O estrondo surdo de seu lento progresso deu lugar ao som de gotejamento… e ao estrondo de desmoronamentos. As geleiras estão derretendo e os acidentes estão se tornando cada vez mais frequentes. Em 2025, o glaciar Birch, na Suíça, soterrou a aldeia de Blatten, e em 2022, o glaciar Marmolada, em Itália, ruiu, matando 11 pessoas.

“Um problema que afeta todos os seres humanos, em todos os continentes”

Mas estas tragédias, que preocupam muitas aldeias montanhosas, representam apenas parte das ameaças ligadas ao derretimento dos glaciares. “No nosso documentário ‘Geleiras, investigação de um desaparecimento’, queríamos mostrar que este não era apenas um problema distante localizado na periferia das geleiras, mas uma questão que afeta todos os seres humanos, em todos os continentes.”explicou a Ciência e Futuro Judith Rueff, codiretora do documentário, que será lançado no dia 24 de fevereiro de 2026 na Arte.tv.

Com a sua superfície de aproximadamente 700.000 km², os glaciares, e em particular os mantos de gelo da Gronelândia e da Antártida, constituem 70% das reservas de água doce do mundo. Um recurso muito precioso para as populações e ecossistemas a jusante, particularmente no contexto da falta de água. Assim, no Quirguistão, um país com 8.000 glaciares, a pressão em torno da água dá origem a verdadeiras negociações geopolíticas. A água doce, essencial para a agricultura, tornou-se uma moeda de troca para o carvão do Cazaquistão e o gás do Uzbequistão.
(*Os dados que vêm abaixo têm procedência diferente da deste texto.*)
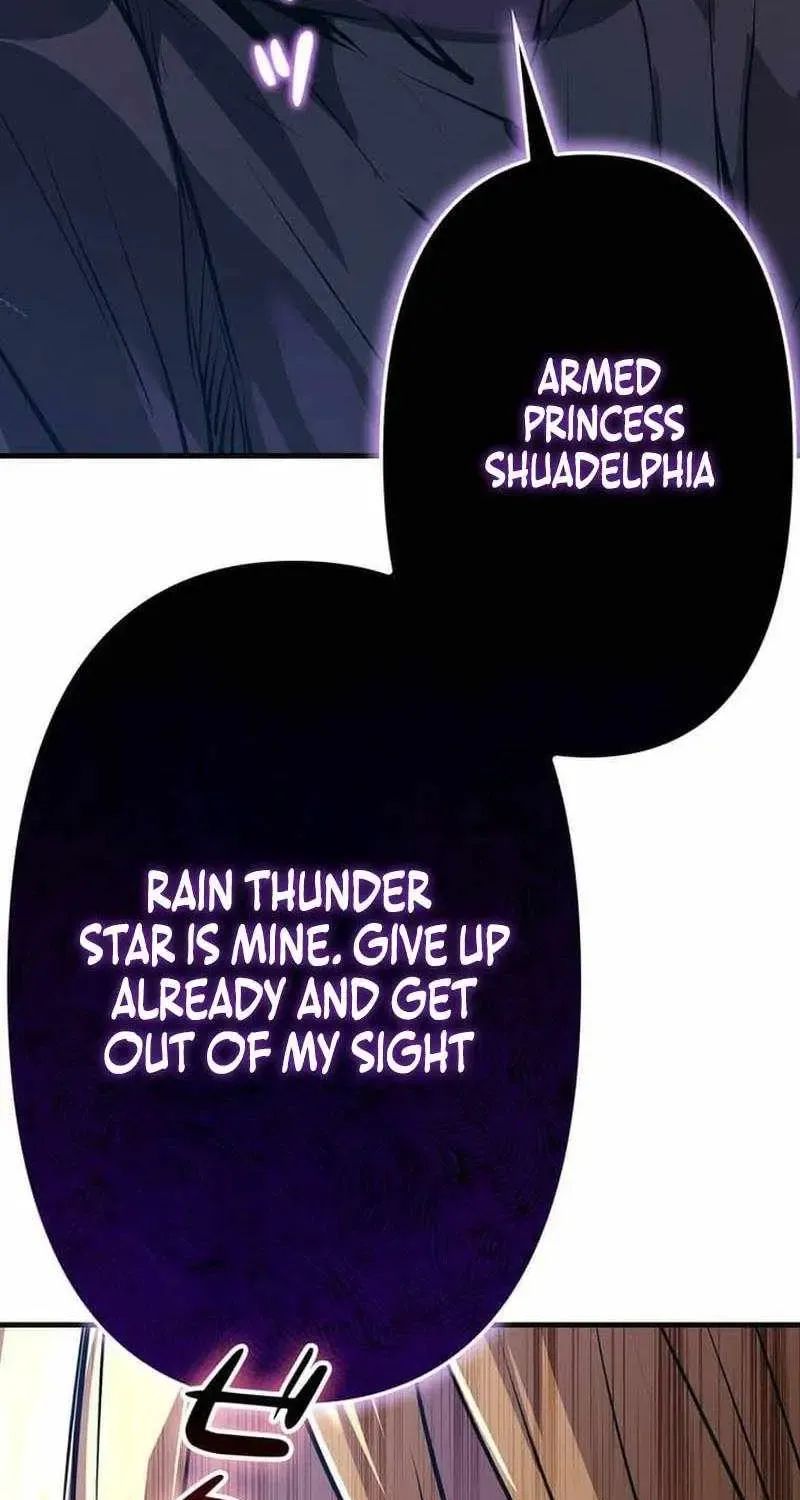 Becoming a Cheat-Level Skill Thief, chapter 37, page 67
Em França, a água do glaciar do Ródano também é um bem precioso. Alimenta os sistemas de refrigeração das centrais nucleares e limita a salinidade do solo nas vinhas da Camargue. Incorporando estas questões em todos os continentes graças a cientistas, economistas, líderes e residentes, o documentário fornece uma visão geral dos sectores impactados e das populações afectadas.

Crise da água doce e aumento dos oceanos

A força deste filme é que ele coloca a ciência de volta onde deveria estar, ou seja, dentro da sociedade. Os resultados da investigação devem ser transmitidos ao público em geral e devem contribuir para as políticas.”expressou Heïdi Sevestre, glaciologista francesa participante do documentário, durante uma exibição prévia.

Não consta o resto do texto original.